AQS Condition源码深度解析

简介

在上一篇《AQS》ConditionQueue 介绍中提到了 ConditionQueue 是借助 AQS 的 SyncQueue 结构来实现条件变量及等待的功能。

ConditionQueue 是 AQS 中相对特殊、复杂的队列。相比较 SyncQueue 只把资源争抢、线程通信全部在 AQS 中处理，那ConditionQueue 就是为了对标 Object#wait、notify、notifyAll 而设计的数据结构，就是为了让开发人员可以手操线程同行。

队列结构

ConditionQueue 是基于 SyncQueue的，或者说都是基于 Node 结构的。而它的操作入口，相信接触过 JUC 的同学应该都知道，那就是 Condition接口。

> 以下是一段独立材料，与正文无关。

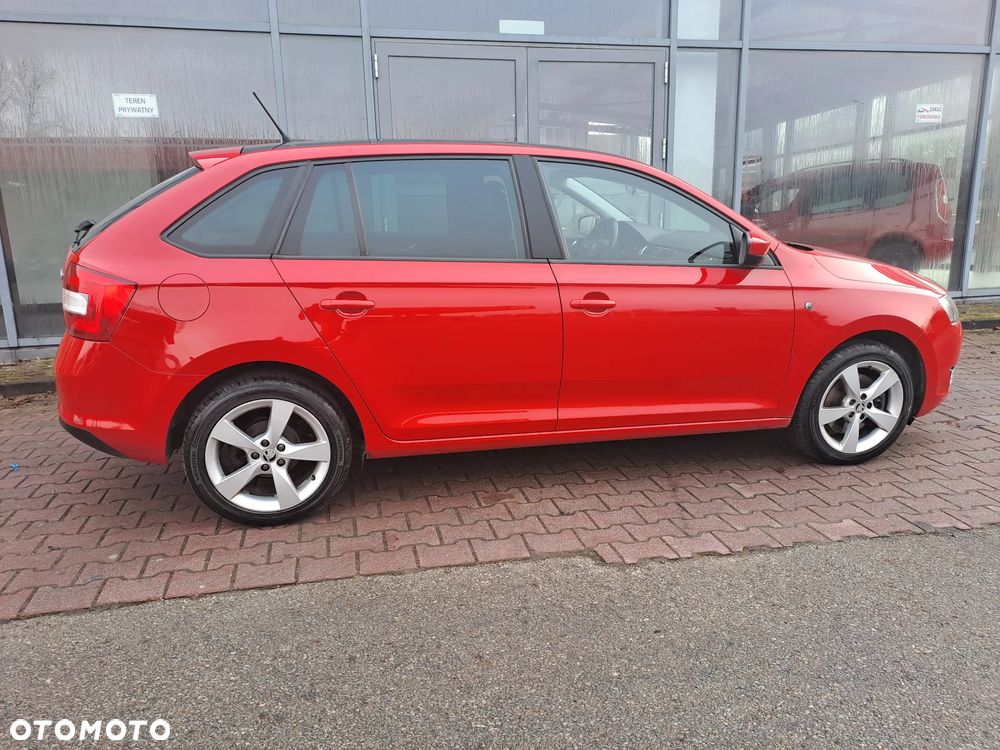 Skoda RAPID 1.2 TSI Style+ - 23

AQS 中的相关方法都在 ConditionObject，该类正是实现了 Conditon接口。

public interface Condition {
    
    
    // 当前线程进入等待状态直到被唤醒或者中断
    void await() throws InterruptedException;
    // 当前线程进入等待状态，不响应中断，阻塞直到被唤醒
    void awaitUninterruptibly();
    // 当前线程进入等待状态直到被唤醒或者中断，阻塞带时间限制
    long awaitNanos(long nanosTimeout) throws InterruptedException;
    // 当前线程进入等待状态直到被唤醒或者中断，阻塞带时间限制
    boolean await(long time, TimeUnit unit) throws InterruptedException;
    // 当前线程进入等待状态直到被唤醒或者中断，阻塞带时间限制
    boolean awaitUntil(Date deadline) throws InterruptedException;
    // 唤醒单个阻塞线程
    void signal();
    // 唤醒所有阻塞线程
    void signalAll();
}

Condition 可以说目前只有唯一的实现类，那就是 AQS 的 ConditionObject，JUC 中的涉及到 Condtion都是直接使用该类。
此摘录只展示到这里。